▸ WHAT TO PRODUCE
Only the lines from the start of the data through the line containing "May include: A" should be written out, exactly as they are, with both ends included and the pictures left out.

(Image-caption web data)
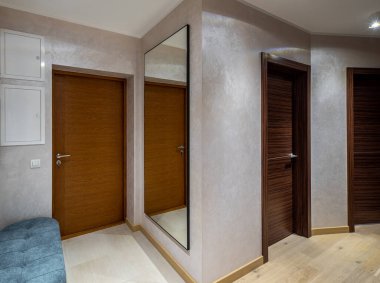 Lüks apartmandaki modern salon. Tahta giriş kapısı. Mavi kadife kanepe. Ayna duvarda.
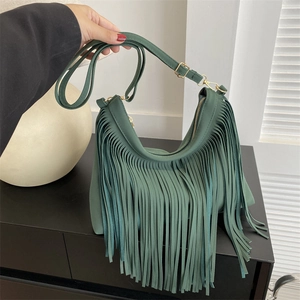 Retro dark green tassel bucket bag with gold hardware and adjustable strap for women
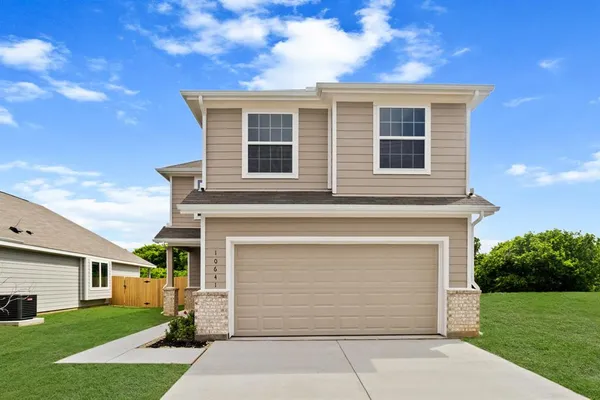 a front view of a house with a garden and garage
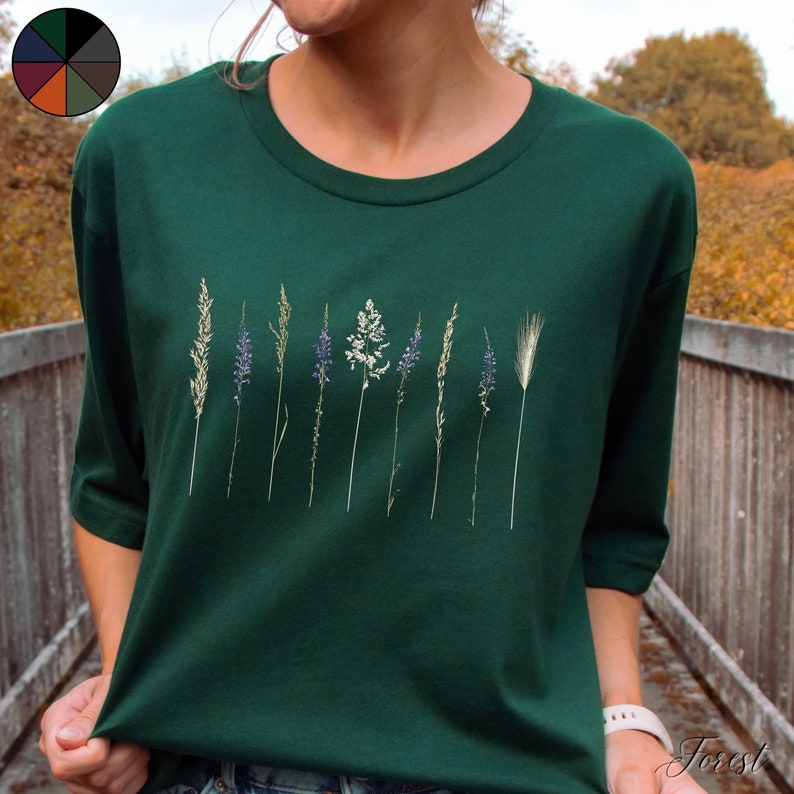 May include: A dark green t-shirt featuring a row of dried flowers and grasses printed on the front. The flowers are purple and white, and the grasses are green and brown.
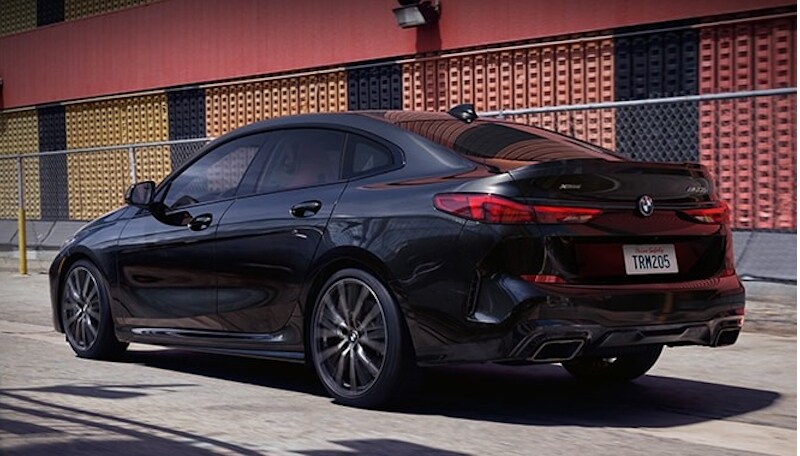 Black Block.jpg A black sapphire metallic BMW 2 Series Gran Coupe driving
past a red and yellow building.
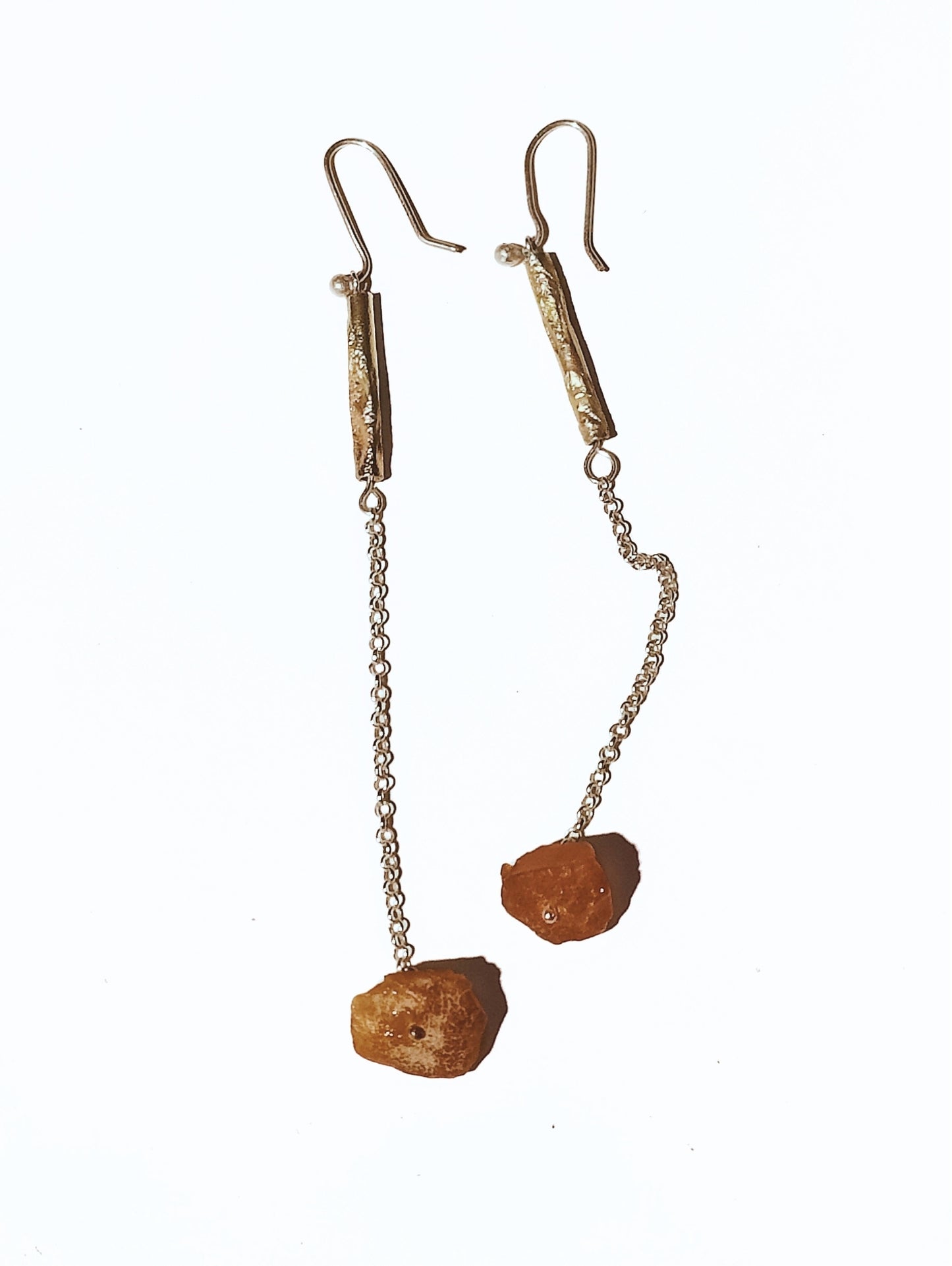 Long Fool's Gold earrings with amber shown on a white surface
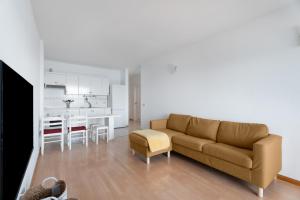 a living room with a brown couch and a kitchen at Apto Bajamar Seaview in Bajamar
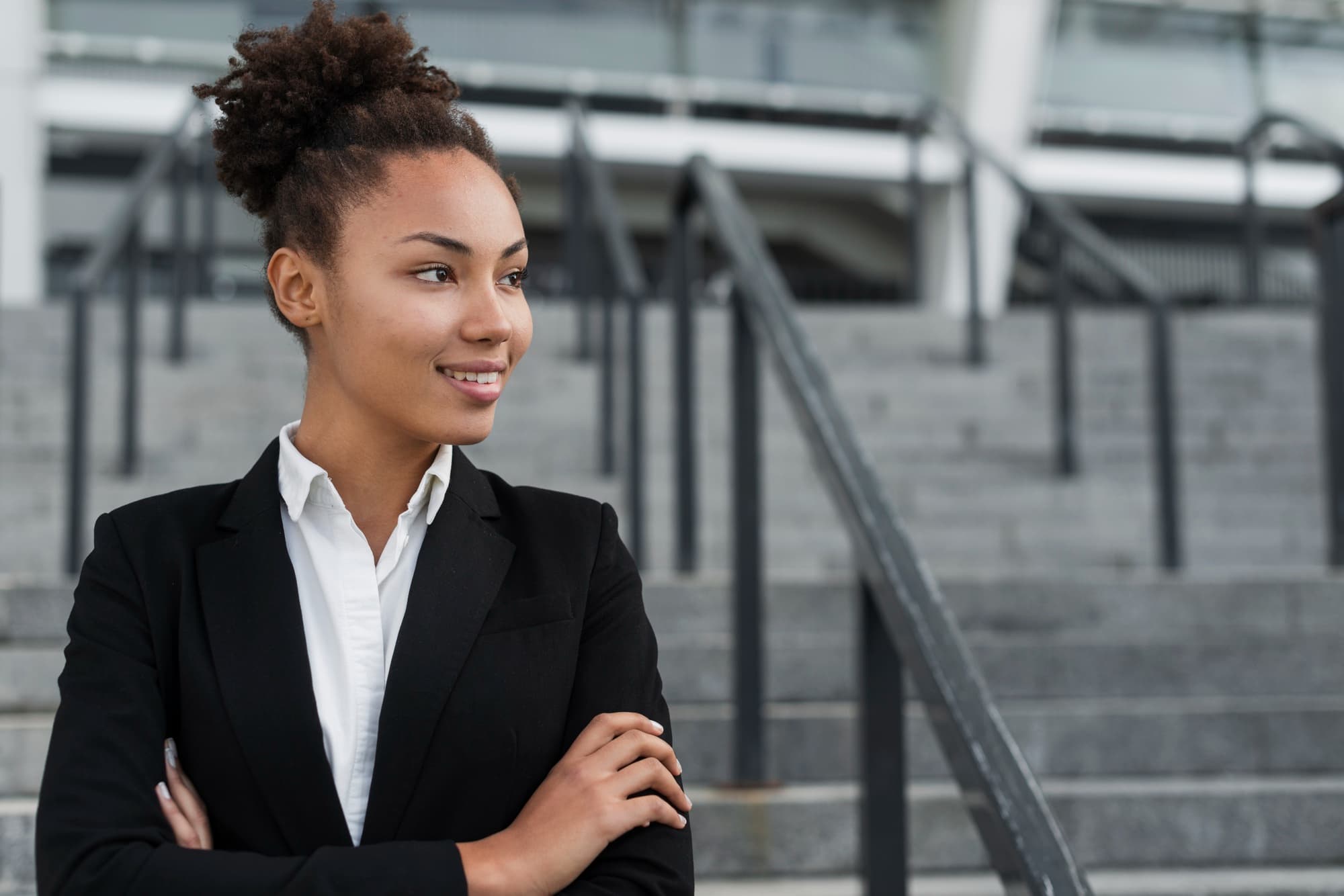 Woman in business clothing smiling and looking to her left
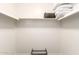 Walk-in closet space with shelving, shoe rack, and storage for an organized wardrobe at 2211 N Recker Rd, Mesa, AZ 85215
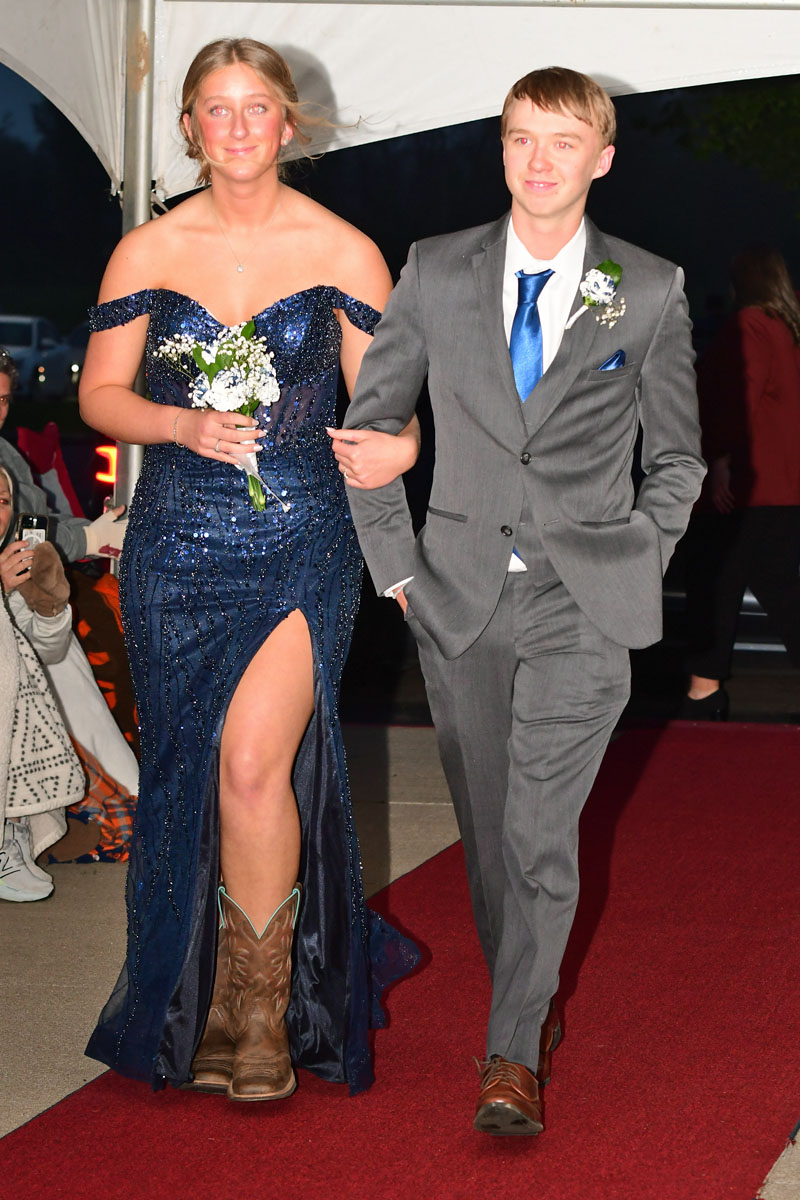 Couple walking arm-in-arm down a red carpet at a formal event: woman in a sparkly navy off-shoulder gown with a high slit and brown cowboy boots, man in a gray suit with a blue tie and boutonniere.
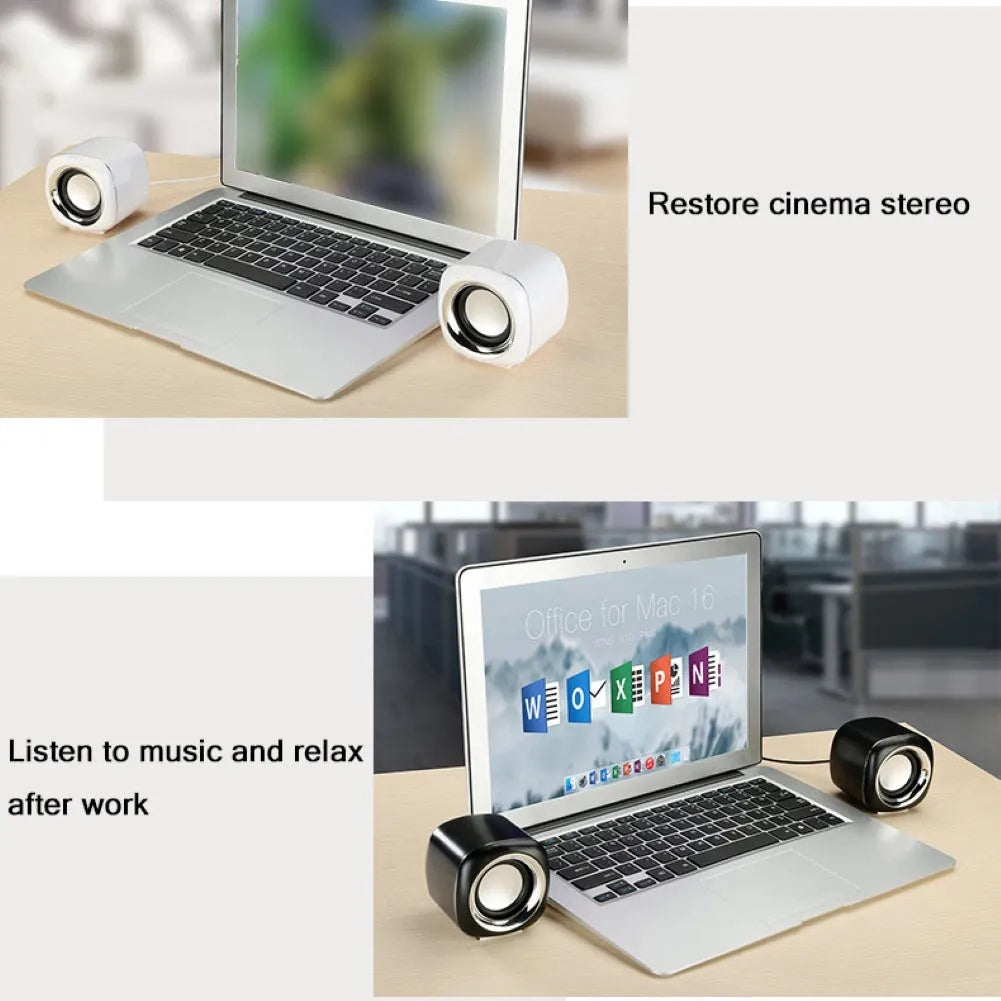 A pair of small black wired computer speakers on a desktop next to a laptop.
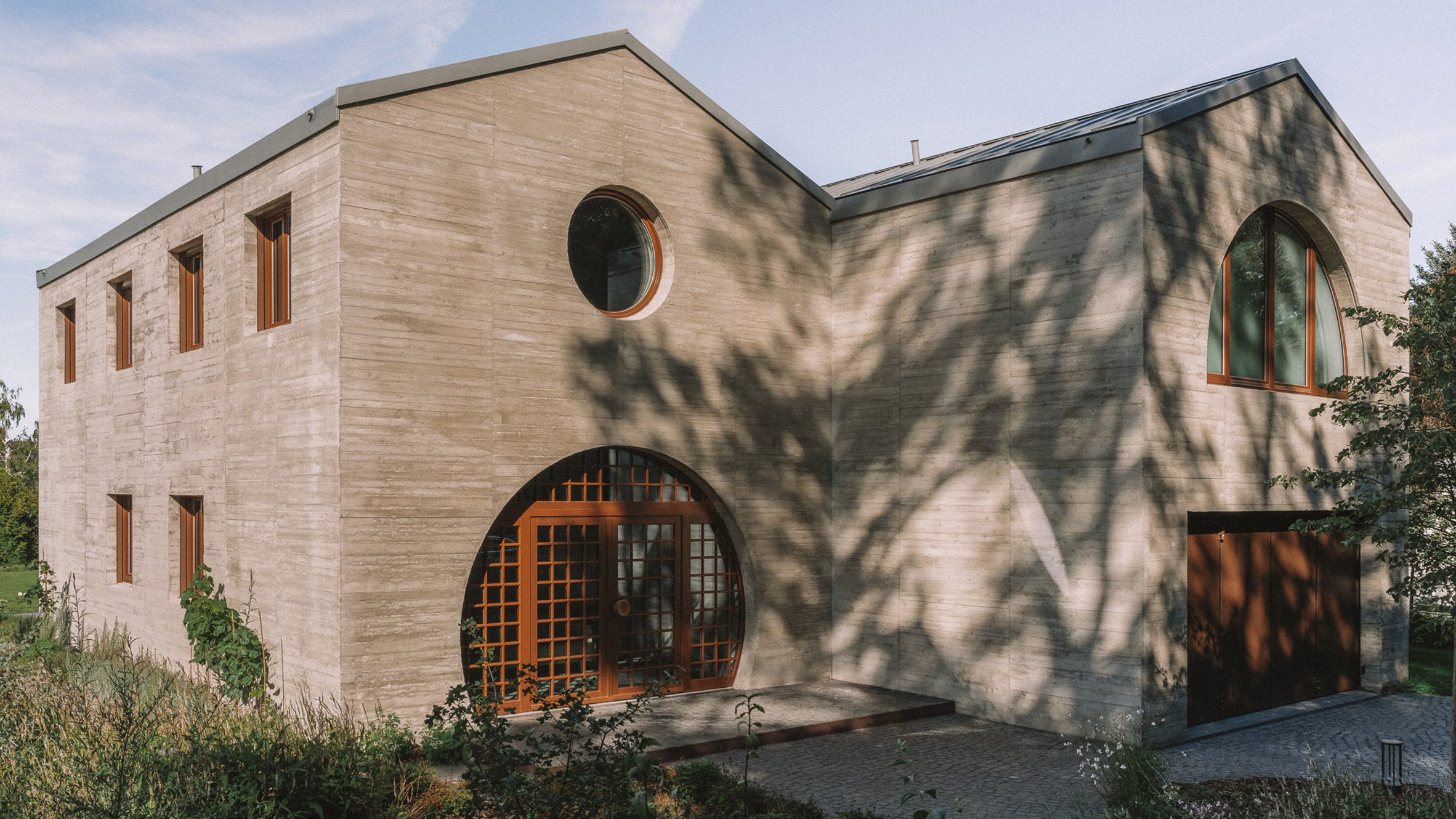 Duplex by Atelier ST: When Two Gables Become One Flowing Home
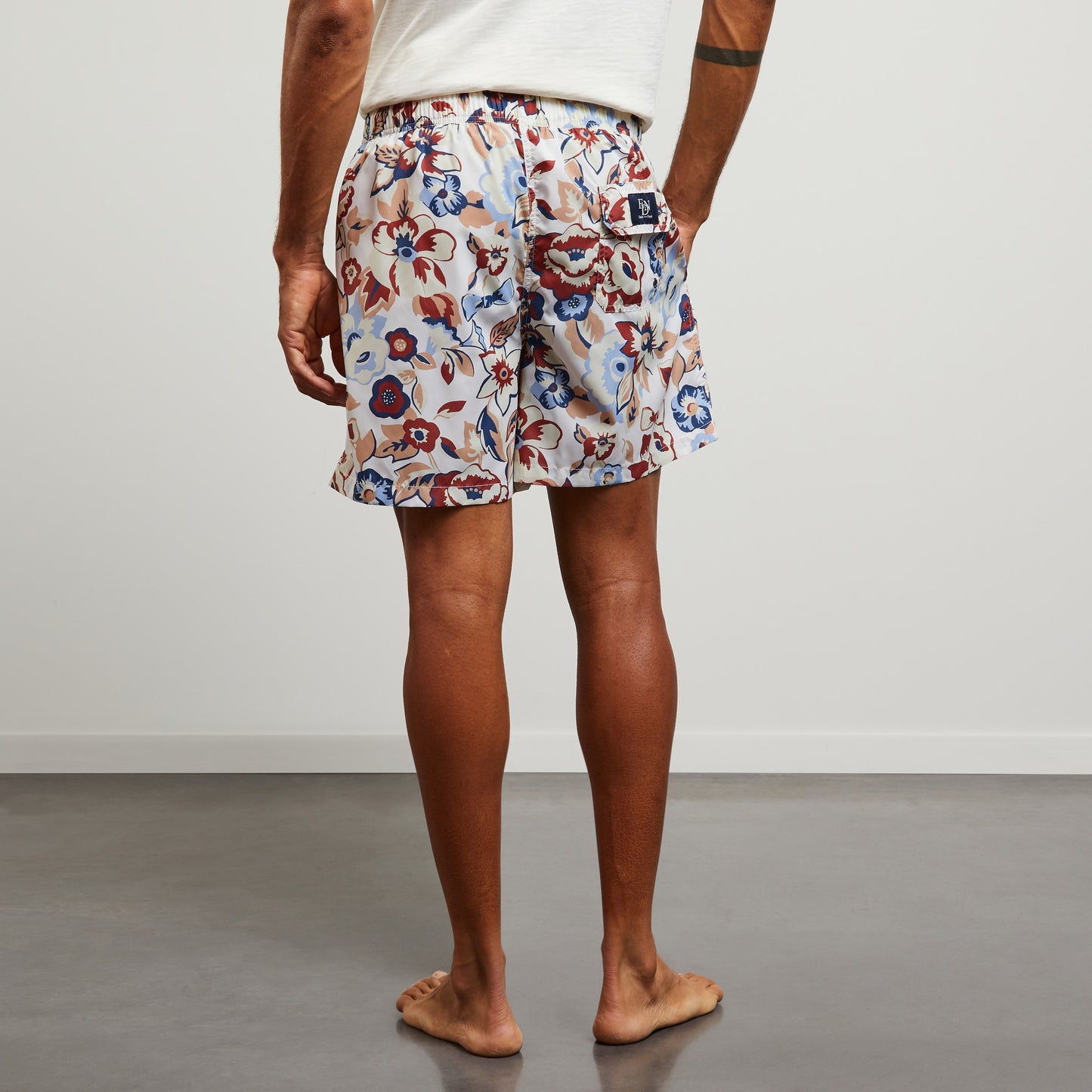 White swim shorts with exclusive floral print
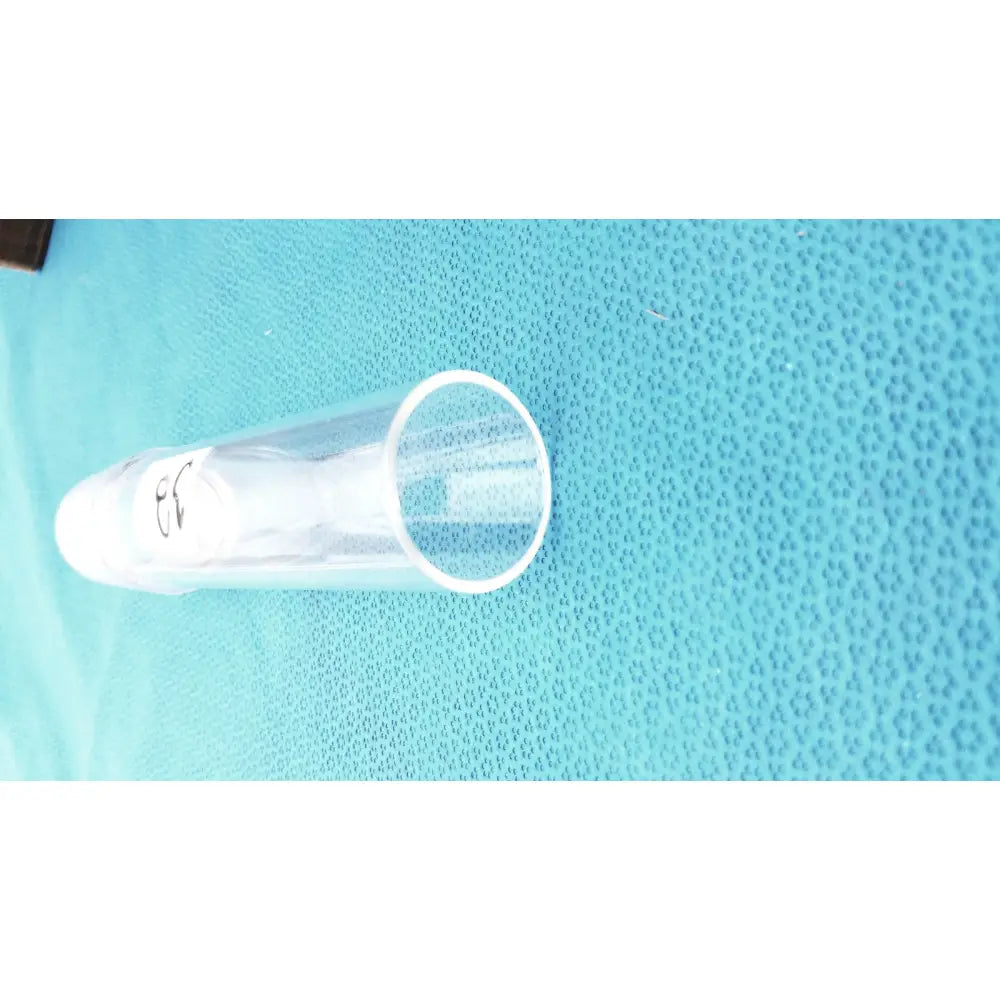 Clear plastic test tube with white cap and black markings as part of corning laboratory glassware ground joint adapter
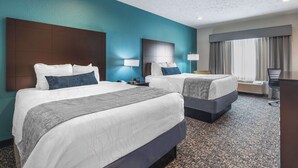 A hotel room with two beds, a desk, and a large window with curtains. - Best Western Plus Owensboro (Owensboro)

▸ RESPONSE AREA
 Lüks apartmandaki modern salon. Tahta giriş kapısı. Mavi kadife kanepe. Ayna duvarda.
 Retro dark green tassel bucket bag with gold hardware and adjustable strap for women
 a front view of a house with a garden and garage
 May include: A dark green t-shirt featuring a row of dried flowers and grasses printed on the front. The flowers are purple and white, and the grasses are green and brown.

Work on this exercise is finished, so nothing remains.